Istilah senggakan juga dikenal akrab di blantika seni suara burung perkutut. Malah, “senggakan”, bisa jadi juru kunci pengungkit suara perkutut untuk mendapatkan nilai sempurna (45). Pendekatan lebih sederhana, “senggakan” nyaris serupa dengan arsenal pada ujung peluru kendali. Arsenal itulah yang mampu mencipta ledakan dahsyat dengan hasil sempurna.
Blantika seni suara butung perkutut juga mengenal kata senggakan. Tempatnya ada pada ujung suara (tengkung). Survei lapangan membuktikan, dewan juri serta merta bakal menancapkan bendera “koncer penthol” (bendera lima warna berujung bola pingpong), manakala mendapati perkutut memiliki senggakan.
Berbeda dengan senggakan nayaga pada pentas karawitan, senggakan pada ujung perkutut ini, berupa bunyi noklak (klaaa), sebanyak satu atau dua kali di antara tengkung. Misalnya, Klaaa …ke-tek-ke-tek…kong, kla…ke-tek-ke-tek…kong (setelah berbunyi stabil begitu, kemudian di tengah-tengahnya muncul bunyi) Kla…ke-tek-ke-tek..klaa, selanjutnya kembali lagi ke bunyi standar awal, Kla…ke-tek-ke-tek…kong.

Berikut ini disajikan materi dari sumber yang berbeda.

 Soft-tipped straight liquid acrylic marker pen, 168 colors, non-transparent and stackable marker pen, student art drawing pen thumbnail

Berani bertaruh, jika Anda memiliki perkutut dengan suara senggakan seperti itu, burung Anda dipastikan bakal mengantongi nilai sempurna di kolom penilaian irama. Sebab, kualitas irama perkutut itu, tak hanya lenggang dan senggang. Tapi juga mengandung unsur elok.
Elok dalam irama perkutut bermakna, merdu dan indah. Tidak blero atau fals, rata dan laras. Keindahan irama akan terdengar lebih sempurna jika diselingi suara senggakkan.

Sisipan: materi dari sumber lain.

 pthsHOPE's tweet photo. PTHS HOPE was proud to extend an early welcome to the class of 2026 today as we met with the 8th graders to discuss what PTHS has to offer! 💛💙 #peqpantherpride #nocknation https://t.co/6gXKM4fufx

Sayangnya, mencetak burung kampiun yang memiliki suara senggakan terbukti tidak gampang. Sepanjang sejarah konkurs perkutut, tidak setiap musim lomba muncul burung jawara yang memiliki suara senggakan.
Di even puncak apresiasi perkutut nasional berlebel Hamengkubuwono Cup atau Piala Raja, misalnya, tidak setiap tahun muncul burung jawara bersuara senggakan. Kecuali, barangkali, saat masa kejayaan Misteri Bahari, di paroh tahun 90-an.

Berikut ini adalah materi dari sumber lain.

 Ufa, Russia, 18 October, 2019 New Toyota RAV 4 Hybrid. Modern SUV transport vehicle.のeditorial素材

Sejumlah pakat perkutut, cenderung geleng-geleng kepala jika sudah diajak bicara soal bunyi senggakan. Pasalnya, bunyi senggakan ini cenderung muncul secara natural dan spontan.”Saya kita factor X lebih dominan, jika bicara soal suara senggakan burung perkutut,” ungkap Lamidi, Ketua Departemen Penjurian P2SI Korwil Jatim, Senin (28/12).
Data empiris menunjukkan, tidak semua perkuktut jawara mampu meletupkan suara senggakan. Yang lebih sulit lagi, burung bersuara senggakan, juga tidak setiap bunyi mengeluarkan senggakan. “Sepertinya bunyi senggakan perkutut dalam lomba sama dengan hoky. Atau anugrah. Sebab, burung itu bisa menyalip di tikungan,” lanjut Lamidi.
Yang dimaksud menyalip di tikungan dalam lomba perkutut adalah menyalip nilai tertinggi pada saat-sat kritis. Atau pada saat penentuan kejuaraan.(bersambung) andi casiyem sudin)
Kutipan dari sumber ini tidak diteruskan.